[Records for this task — start]

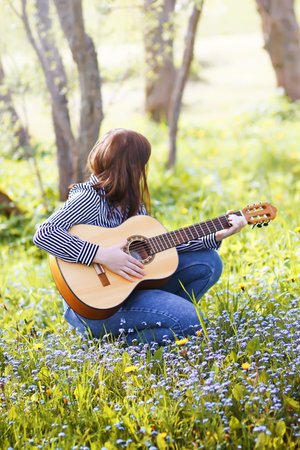 Blonde atrtractive teenager girl playing guitar in spring garden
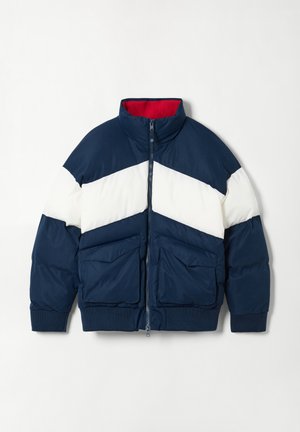Gevoerde jas met hoge kraag, blauwe body, wit en marineblauwe kleurblokontwerp en twee voorzakken. Rode voering.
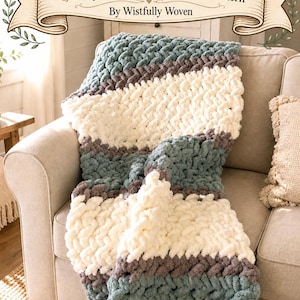 May include: A chunky hand-knitted blanket in a Seaglass Serenity pattern, draped over a beige sofa. The blanket features alternating stripes of cream, grey, and teal blue. The text "Seaglass Serenity" and "Chunky Hand Knit Blanket PDF Pattern" are visible.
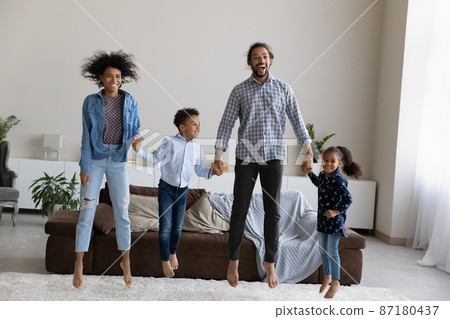 Happy active African American family jumping in modern living room. Happy active African American family jumping in modern living room. 87180437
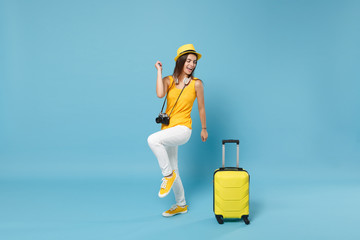 Traveler tourist woman in yellow casual clothes, hat with suitcase photo camera isolated on blue...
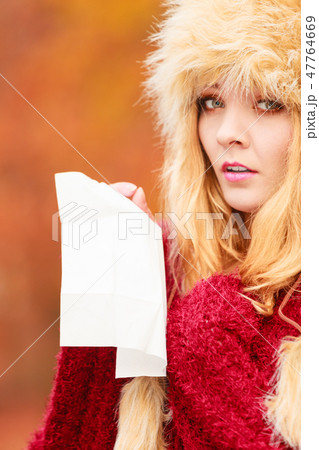 Sick woman in autumn park sneezing into tissue. Sick woman in autumn park sneezing into tissue. 47764669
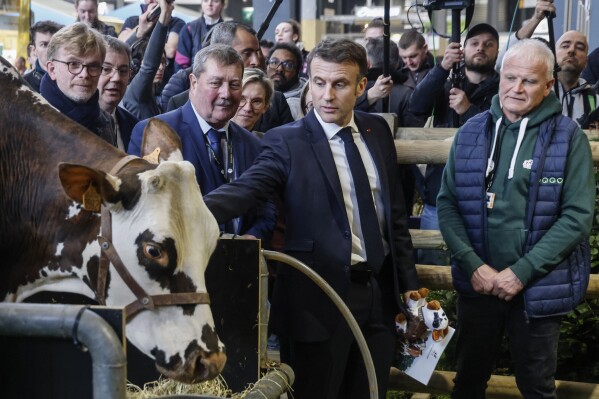 French President Emmanuel Macron visits the International Agriculture Fair on the opening day in Paris, Saturday, Feb. 24, 2024. Farmers across Europe have been protesting for weeks over what they say are excessively restrictive environmental rules. (Ludovic Marin/Pool via AP)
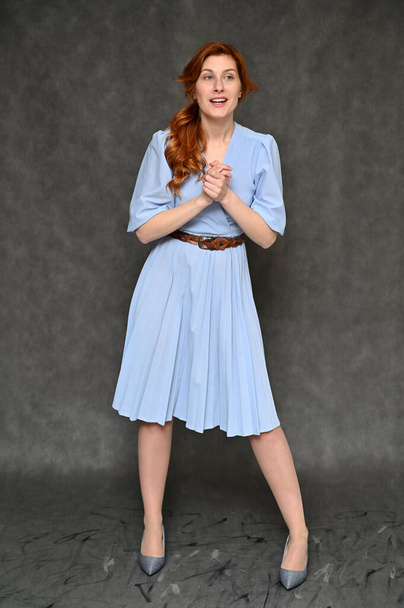 Model demonstrates standing different poses. Full-length Vertical Portrait of a young pretty red-haired woman in a blue dress on a gray background. - Foto, Bild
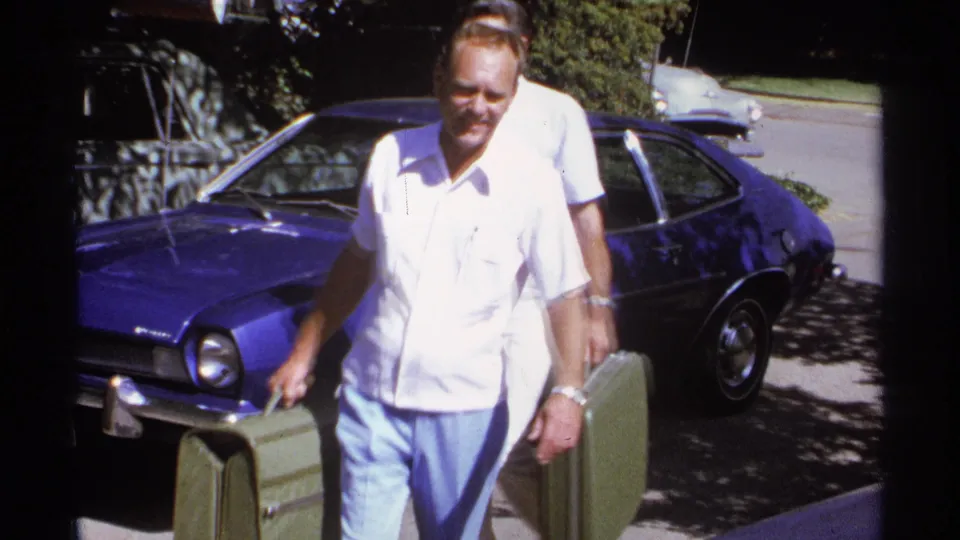 1974 La Paz frame showing an older man carrying a green hard-sided suitcase in front of a blue sedan.
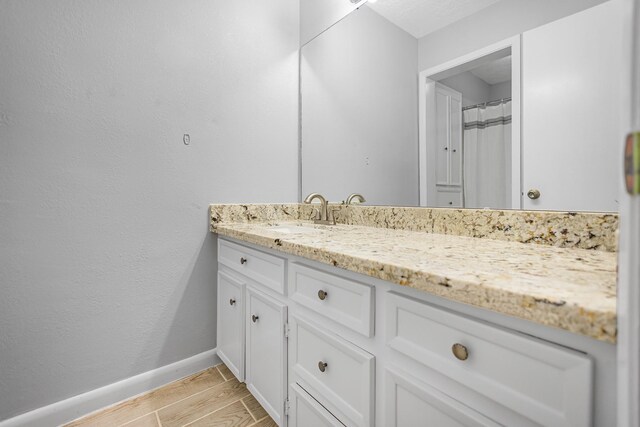 bathroom with vanity and curtained shower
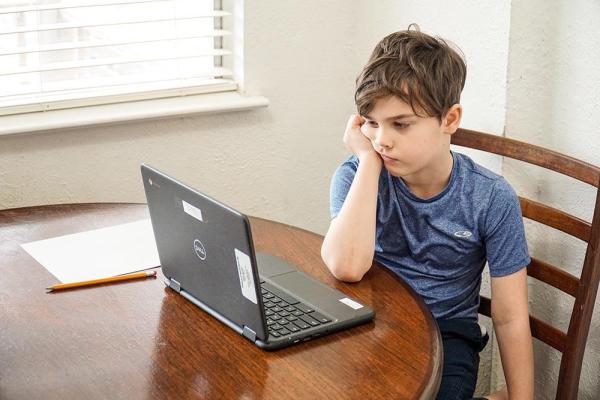 unhappy kid looking at laptop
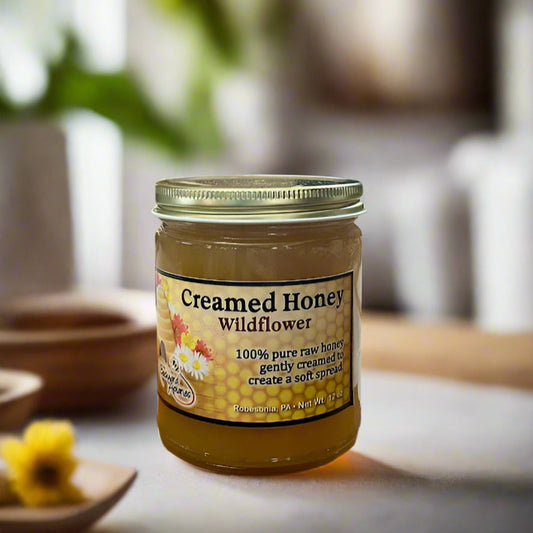 Jar of creamed honey labeled 'Wildflower' on a blurred background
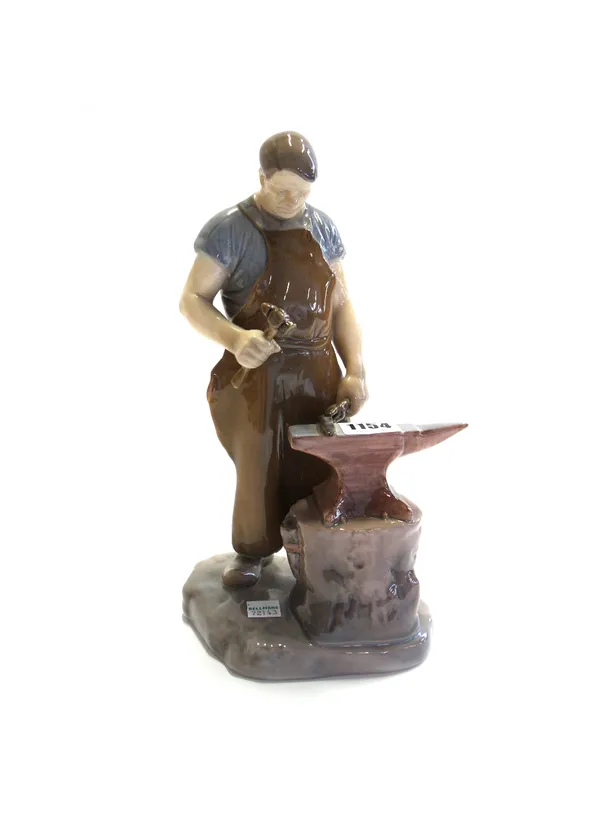 A Bing and Grondahl porcelain figure, no.2225, modelled as a blacksmith, 28.5cm high.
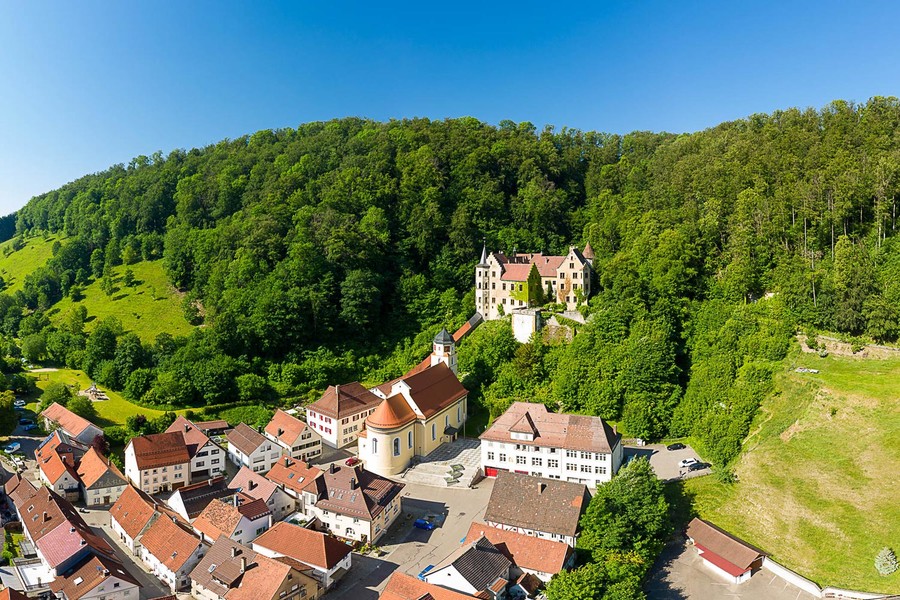 Panoramablick auf Schloss Weißenstein, wie es in einem angrenzenden grünen Mischwald liegt. Der Himmel ist strahlend blau. Zu Füßen des Schlosses liegt ein malerisches Dorf. 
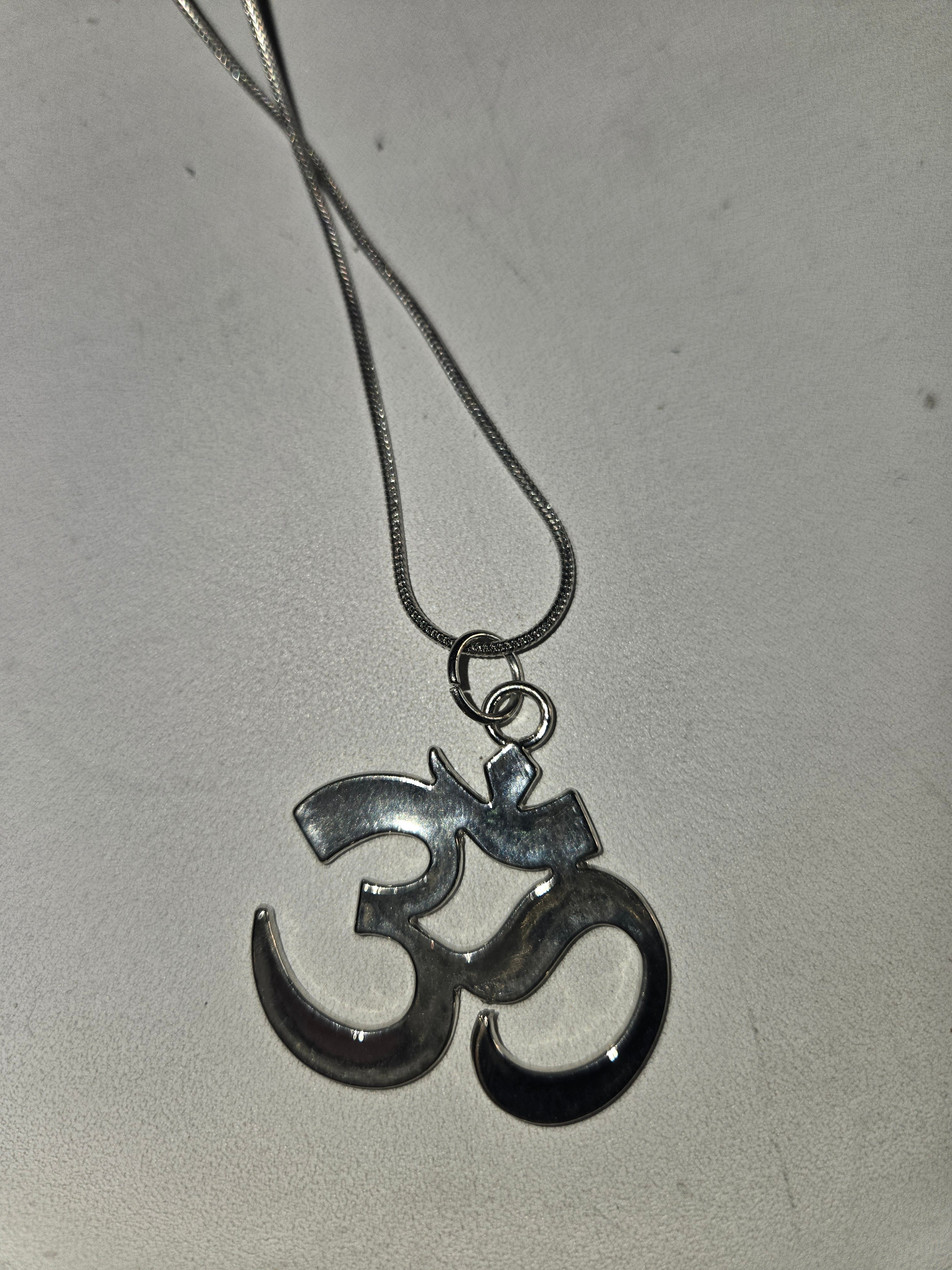 Silver ohm on a 24 inch chain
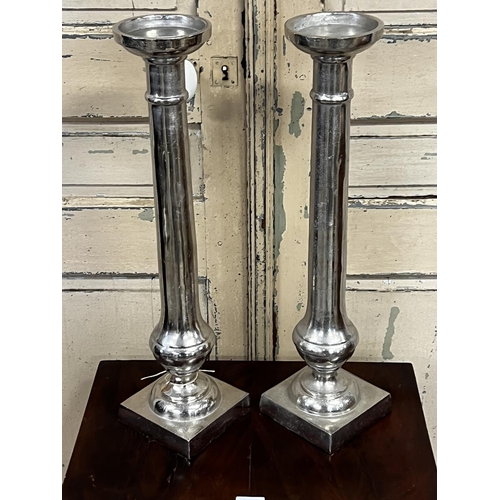 1103 - Pair of tall modern metal candlesticks, approx 59.5cm H (2)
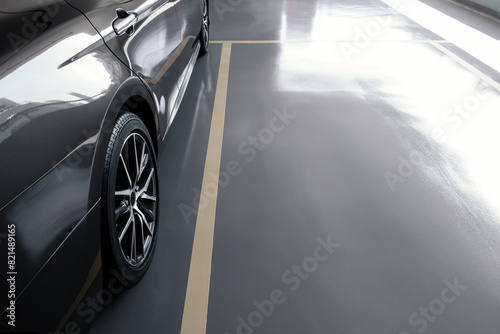 modern car in parking lot, anti slip coating floor for safety, car parked in the right position in modern building carpark area, image with copy space for banner background, diagonal composition photo
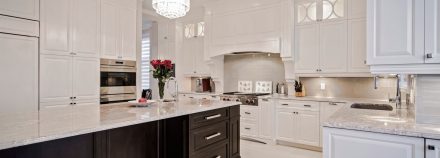 Spacious kitchen with central island and integrated storage.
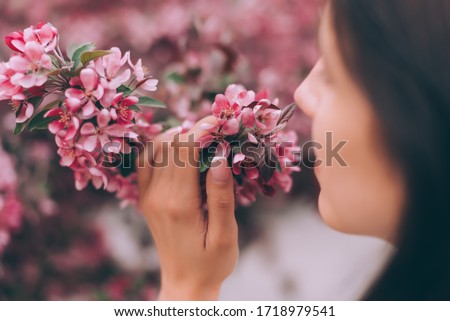 Girl holds a branch of blossoming spring flowers in hands. Close up of beautiful female hands holding a branch of blossoming fruit tree. Delicate spring background. Pink background.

[Records for this task — finish]

» **Problem**
No pictures go in the copy. Retype exactly the lines from the one with "A Bing and Grondahl" through the last line of the entries above, both included, and nothing more.

» **Exercise answer**
 A Bing and Grondahl porcelain figure, no.2225, modelled as a blacksmith, 28.5cm high.
 Panoramablick auf Schloss Weißenstein, wie es in einem angrenzenden grünen Mischwald liegt. Der Himmel ist strahlend blau. Zu Füßen des Schlosses liegt ein malerisches Dorf. 
 Silver ohm on a 24 inch chain
 1103 - Pair of tall modern metal candlesticks, approx 59.5cm H (2)
 modern car in parking lot, anti slip coating floor for safety, car parked in the right position in modern building carpark area, image with copy space for banner background, diagonal composition photo
 Spacious kitchen with central island and integrated storage.
 Girl holds a branch of blossoming spring flowers in hands. Close up of beautiful female hands holding a branch of blossoming fruit tree. Delicate spring background. Pink background.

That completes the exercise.